** Opening AVAILABLE DATA block **

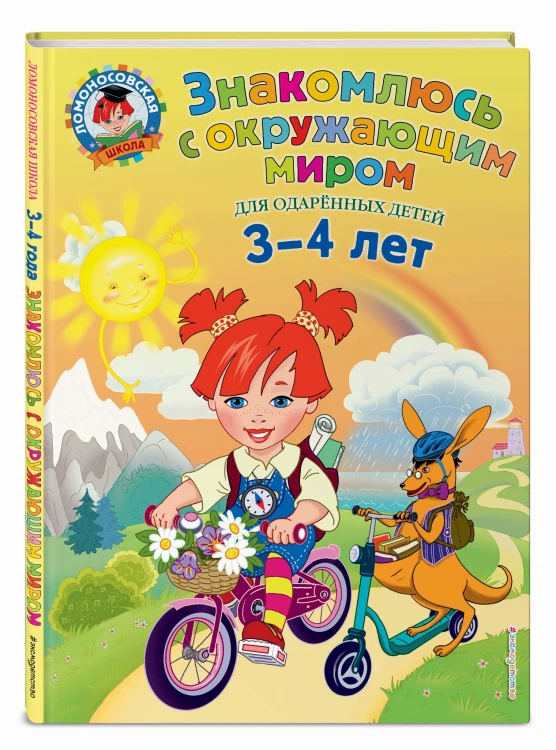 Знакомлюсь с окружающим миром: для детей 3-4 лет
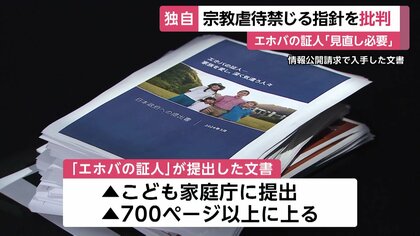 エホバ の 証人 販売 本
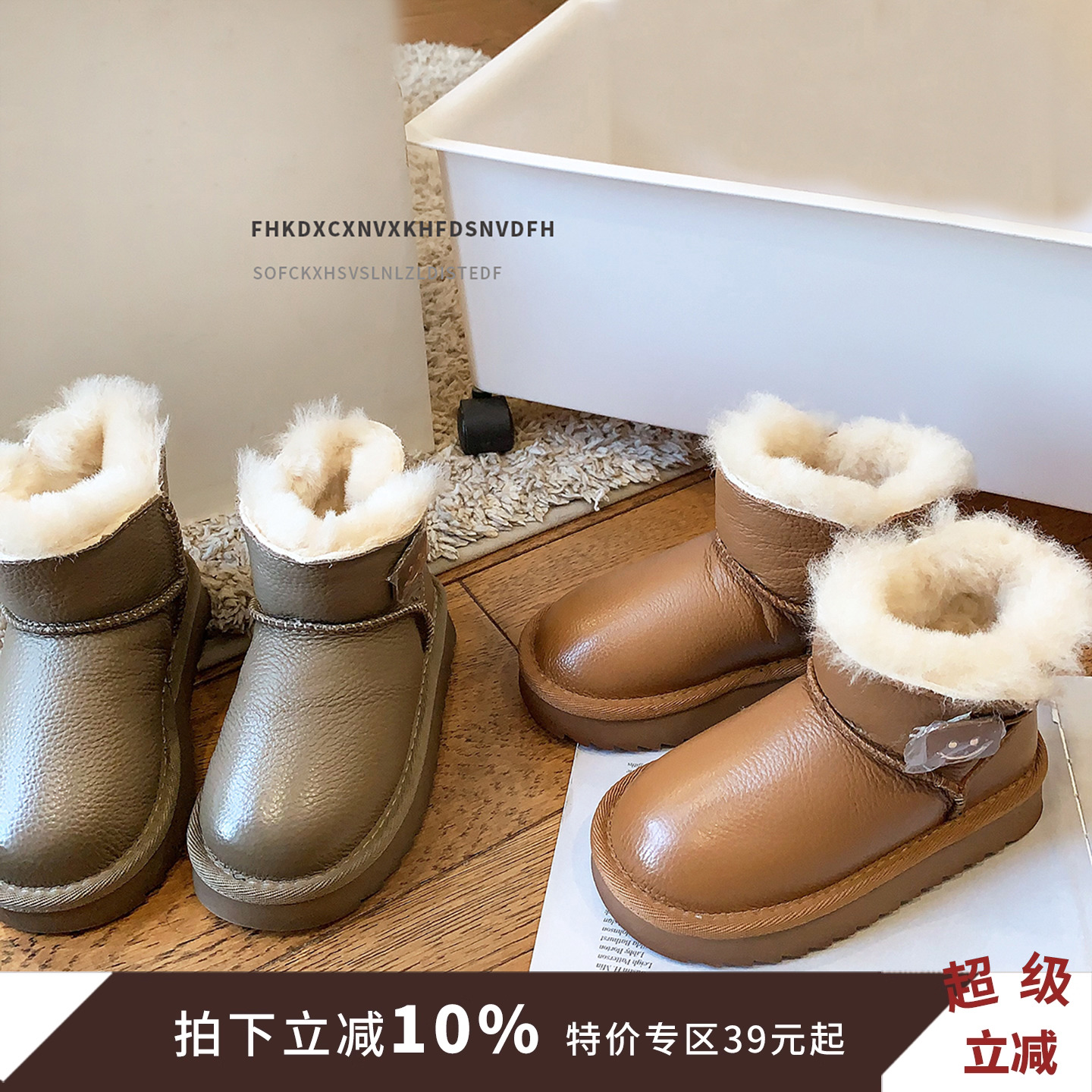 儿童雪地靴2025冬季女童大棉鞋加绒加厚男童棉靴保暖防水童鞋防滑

** Closing AVAILABLE DATA block **

ASSIGNMENT: Exact repetition of the material above is required, with the images removed.

TASK OUTPUT:
 Знакомлюсь с окружающим миром: для детей 3-4 лет
 エホバ の 証人 販売 本
 儿童雪地靴2025冬季女童大棉鞋加绒加厚男童棉靴保暖防水童鞋防滑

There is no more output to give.